Array index are always integer.
I have an array of operations and a target number.
The operations could be
+ 3
- 3
* 4
/ 2
I want to find out how close I can get to the target number by using those operations.
I start from 0 and I need to iterate through the operations in that order, and I can choose to either use the operation or not use it.
So if the target number is 13, I can use + 3 and * 4 to get 12 which is the closest I can get to the target number 13.
I guess I need to compute all possible combinations (I guess the number of calculations is thus 2^n where n is the number of operations).
I have tried to do this in java with
import java.util.*;
public class Instruction {
public static void main(String[] args) {
// create scanner
Scanner sc = new Scanner(System.in);
// number of instructions
int N = sc.nextInt();
// target number
int K = sc.nextInt();
//
String[] instructions = new String[N];
// N instructions follow
for (int i=0; i<N; i++) {
//
instructions[i] = sc.nextLine();
}
//
System.out.println(search(instructions, 0, N, 0, K, 0, K));
}
public static int search(String[] instructions, int index, int length, int progressSoFar, int targetNumber, int bestTarget, int bestDistance) {
//
for (int i=index; i<length; i++) {
// get operator
char operator = instructions[i].charAt(0);
// get number
int number = Integer.parseInt(instructions[i].split("\\s+")[1]);
//
if (operator == '+') {
progressSoFar += number;
} else if (operator == '*') {
progressSoFar *= number;
} else if (operator == '-') {
progressSoFar -= number;
} else if (operator == '/') {
progressSoFar /= number;
}
//
int distance = Math.abs(targetNumber - progressSoFar);
// if the absolute distance between progress so far
// and the target number is less than what we have
// previously accomplished, we update best distance
if (distance < bestDistance) {
bestTarget = progressSoFar;
bestDistance = distance;
}
//
if (true) {
return bestTarget;
} else {
return search(instructions, index + 1, length, progressSoFar, targetNumber, bestTarget, bestDistance);
}
}
}
}
It doesn't work yet, but I guess I'm a little closer to solving my problem. I just don't know how to end my recursion.
But maybe I don't use recursion, but should instead just list all combinations. I just don't know how to do this.
If I, for instance, have 3 operations and I want to compute all combinations, I get the 2^3 combinations
111
110
101
011
000
001
010
100
where 1 indicates that the operation is used and 0 indicates that it is not used.

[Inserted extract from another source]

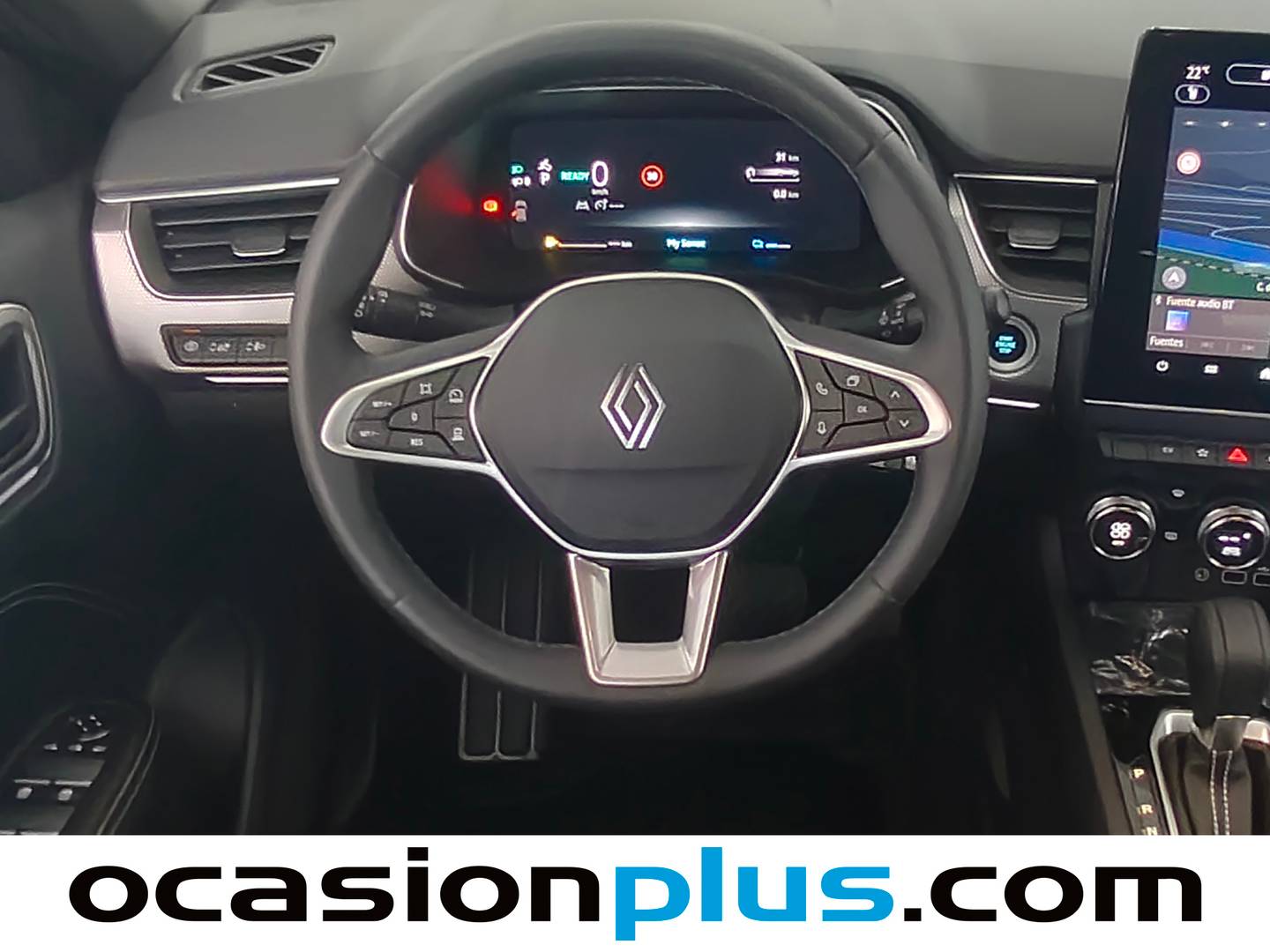 Renault Arkana Renault Arkana Techno E-Tech full hybrid (145 CV) 2026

It should be rather simple to do this and then choose which combination gave the best result (the number closest to the target number), but I don't know how to do this in java.
In pseudocode, you could try brute-force back-tracking, as in:
// ops: list of ops that have not yet been tried out
// target: goal result
// currentOps: list of ops used so far
// best: reference to the best result achieved so far (can be altered; use
// an int[1], for example)
// opsForBest: list of ops used to achieve best result so far
test(ops, target, currentOps, best, opsForBest)
if ops is now empty,
current = evaluate(currentOps)
if current is closer to target than best,
best = current
opsForBest = a copy of currentOps
otherwise,
// try including next op
with the next operator in ops,
test(opsAfterNext, target,
currentOps concatenated with next, best, opsForBest)
// try *not* including next op
test(opsAfterNext, target, currentOps, best, opsForBest)
This is guaranteed to find the best answer. However, it will repeat many operations once and again. You can save some time by avoiding repeat calculations, which can be achieved using a cache of "how does this subexpression evaluate". When you include the cache, you enter the realm of "dynamic programming" (= reusing earlier results in later computation).
Edit: adding a more OO-ish variant
Variant returning the best result, and avoiding the use of that best[] array-of-one. Requires the use of an auxiliary class Answer with fields ops and result.
// ops: list of ops that have not yet been tried out
// target: goal result
// currentOps: list of ops used so far
Answer test(ops, target, currentOps, opsForBest)
if ops is now empty,
return new Answer(currentOps, evaluate(currentOps))
otherwise,
// try including next op
with the next operator in ops,
Answer withOp = test(opsAfterNext, target,
currentOps concatenated with next, best, opsForBest)
// try *not* including next op
Answer withoutOp = test(opsAfterNext, target,
currentOps, best, opsForBest)
if withOp.result closer to target than withoutOp.target,
return withOp
else
return withoutOp
Dynamic programming
If the target value is t, and there are n operations in the list, and the largest absolute value you can create by combining some subsequence of them is k, and the absolute value of the product of all values that appear as an operand of a division operation is d, then there's a simple O(dkn)-time and -space dynamic programming algorithm that determines whether it's possible to compute the value i using some subset of the first j operations and stores this answer (a single bit) in dp[i][j]:
dp[i][j] = dp[i][j-1] || dp[invOp(i, j)][j-1]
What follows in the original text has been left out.